Nucleation process of unstable rupture in the brittle regime: A theoretical approach based on experimentally inferred relations

Abstract

Ohnaka and Kuwahara investigated the nucleation process of unstable rupture in their elaborate laboratory experiment with a very high resolution, using a rock sample with a simulated fault. They found, among other things, that the crack growth resistance such as the stress σp — σi (σp being the peak stress at the crack tip and σi being the shear stress at the propagating tip on the verge of slip) and the breakdown stress drop increase with crack growth in the nucleation zone. They also found that the critical slip displacement is inhomogeneously distributed on the fault in the nucleation zone. We investigate whether inhomogeneous distribution of the crack growth resistance can necessarily cause the stable and quasi‐static nucleation process in the brittle regime. The slip‐dependent breakdown zone model has been assumed in the present theoretical analysis of crack.

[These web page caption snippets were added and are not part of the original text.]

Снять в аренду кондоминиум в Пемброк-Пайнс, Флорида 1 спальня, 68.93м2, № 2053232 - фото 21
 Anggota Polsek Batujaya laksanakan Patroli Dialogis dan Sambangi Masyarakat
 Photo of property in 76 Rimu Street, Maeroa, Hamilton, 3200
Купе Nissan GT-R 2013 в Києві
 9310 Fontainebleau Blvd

It has theoretically been shown that an increase in the critical slip displacement with the distance is required for the occurrence of stable crack growth. Its increase rate must be larger than a certain threshold value. The transition to unstable rupture growth occurs at a location where the increase rate falls short of the threshold value. The inhomogeneous distribution of the critical slip displacement may physically be attributed to that of fault surface roughness, as shown in laboratory experiments. The stress distributions on the crack plane prescribe the rate of stable crack growth. The stable rupture growth process observed by Ohnaka and Kuwahara can be explained quantitatively assuming inhomogeneously distributed stresses and critical slip displacement, which have also been observed in their experiments. The present theoretical study shows that both the distribution of the crack growth resistance, particularly that of the critical slip displacement, and the size of preexisting initial crack play important roles in creating stable and quasi‐static nucleation in the brittle regime. We show that diverse rupture phenomena can be caused by the differences in the distribution of critical slip displacement and in the size of preexisting initial crack.